Matt Carroll edited this page Oct 11, 2023 · 3 revisions

Swift UI includes a concept called "modifier methods". Modifier methods are used to accomplish two distinct goals in Swift UI.

  • First, they're called on a view to adjust the styles of that view, e.g., bold text, padding, frame size.
  • Second, they're used to configure ancestor views, e.g., changing the page title from deep down in the view tree.

The swift_ui package doesn't use modifier methods. Here's why

Without modifier methods, the swift_ui package needs approaches to accomplish the same goals by way of Flutter's traditional widget composition system.

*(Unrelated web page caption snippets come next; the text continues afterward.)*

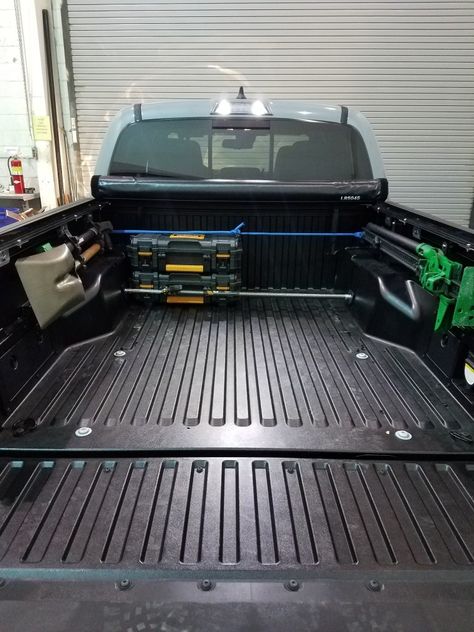 2018 tacoma mods 2018 Tacoma, Overlanding Gear, Tactical Gear Storage, Tacoma Toyota, Tacoma Mods, Tacoma 4x4, Toyota Accessories, Bed Idea, Truck Bed Storage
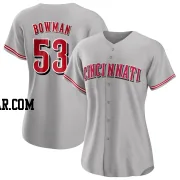 Cooper Bowman Women's Cincinnati Reds Gray Authentic Road Jersey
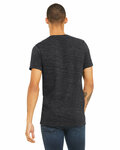bella + canvas 3655c unisex textured jersey v-neck t-shirt Back Thumbnail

This post describes how to do that.

Styling, sizing, and positioning content

Wherever Swift UI styles, sizes, and positions content with modifier methods, the swift_ui package uses widget composition.

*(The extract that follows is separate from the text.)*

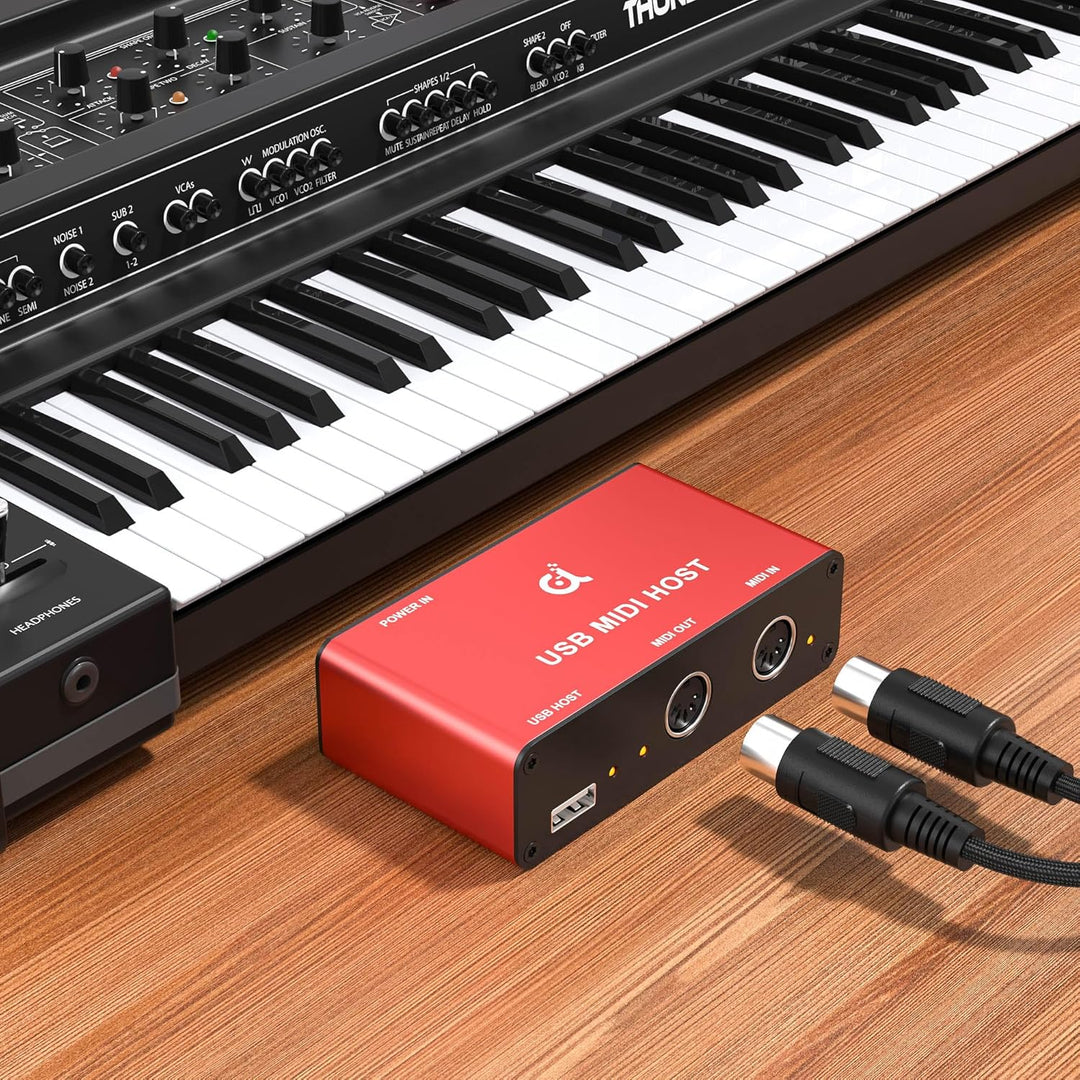 DigitalLife Stand-Alone USB MIDI Host Bridge Box - 1-Eingang/1-Ausgang 5-PIN DIN MIDI-Schnittstellen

The following examples demonstrate ways in which Swift UI code might be ported to Flutter within the swift_ui package.

Example 1

Text("Turtle Rock")
  .font(.title)
  .foregroundColor(.green)
// Hypothetical widget version
ForegroundColor(
  Colors.green,
  child: Font(
    Labels.title,
    child: Text("Turtle Rock"),
  ),
);

Example 2

Ellipse()
  .fill(Color.purple)
  .frame(width: 200, height: 100)
// Hypothetical widget version
Frame(
  width: 200,
  height: 100,
  child: Fill(
    Colors.purple,
    child: Ellipse(),
  ),
);

Note: At first glance, the widget code feels a lot more verbose. This is largely the result of Flutter's style of placing one property per line, combined with the convention of giving child widgets a property named child. In practice, when working with the complexity of a real UI project, this difference in verbosity is negligible. It's only a concern in very small snippets like this.

Changing ancestor UX

One of the more unusual behaviors in Swift UI is the use of modifier methods to change the UX of ancestors. A common example the use of a modifier method deep down in a view tree to change the title in the navigation bar.

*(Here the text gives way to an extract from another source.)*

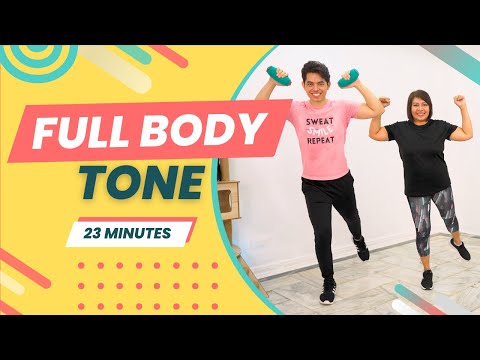 EASY FULL BODY Workout | 23-Min | All Standing | Beginner Friendly 💪• Keoni Tamayo • Workout #185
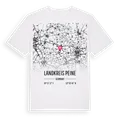 Landkreis Peine karta t-shirt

struct ContentView: View {
    var body: some View {
        NavigationView {
            VStack {
                Text("Hello, world!")
                    .navigationBarTitle("Navigation 1")
            }
            .padding()
        }
    }
}

Notice the .navigationBarTitle() modifier method that's called on Text. What does navigationBarTitle() have to do with Text? Well...nothing. Instead, that navigationBarTitle() modifier method changes the title for the entire NavigationView. Notice that there are multiple descendent view's: NavigationView > Padding > VStack > Text > .navigationBarTitle(). Despite the fact that navigationBarTitle() is buried deep within the tree, that method still successfully causes the ancestor NavigationView to change its title.

In practice, it's unclear if this pattern of behavior is even a good idea. Modifier methods, which alter ancestor configuration, can easily create confusion based on execution order. For example, consider the following alternative Swift UI view:

struct ContentView: View {
    var body: some View {
        NavigationView {
            VStack {
                Text("Hello, world!")
                    .navigationBarTitle("Navigation 1")

                Text("Hello, world 2!")
                    .navigationBarTitle("Navigation 2")
            }
            .padding()
        }
    }
}

Modifier methods make it easy to accidentally bury ancestor configuration in multiple, unrelated views, leading to unexpected and perhaps undefined behavior. Given the example above, what do you think appears as the title for the NavigationView?

One might assume that the title would be "Navigation 2", because that's the last line of code to run. However, it was found experimentally that the title is "Navigation 1". It's unclear why this is the case, how a developer would know it's the case, and why such modifier methods would be considered a healthy developer tool.

Nonetheless, an honest port of Swift UI needs to make it possible to alter something like a navigation bar from a descendent location.

Fortunately, Flutter has a battle-tested solution for such situations, and it once again leverages aggressive widget composition.

One could accomplish the aforementioned Swift UI example by implementing and composing widgets like the following:

NavigationView(
  child: Padding(
    child: VStack(
      children: [
        NavigationBarTitle(
          "Navigation 1",
          child: Text("Hello, World!"),
        ),
        NavigationBarTitle(
          "Navigation 2",
          child: Text("Hello, World 2!"),
        ),
      ],
    ),
  ),
);

With the above hypothetical widget tree, the important question is: how does NavigtionBarTitle alter the ancestor NavigationView?

The answer to this question, and all other similar questions, is some combination of accessing ancestor InheritedWidgets and ancestor State objects.

First, in the ancestor widget, create a method that makes it easy for descendants to find the ancestor. You can create methods like this that return data structures, values, or State objects.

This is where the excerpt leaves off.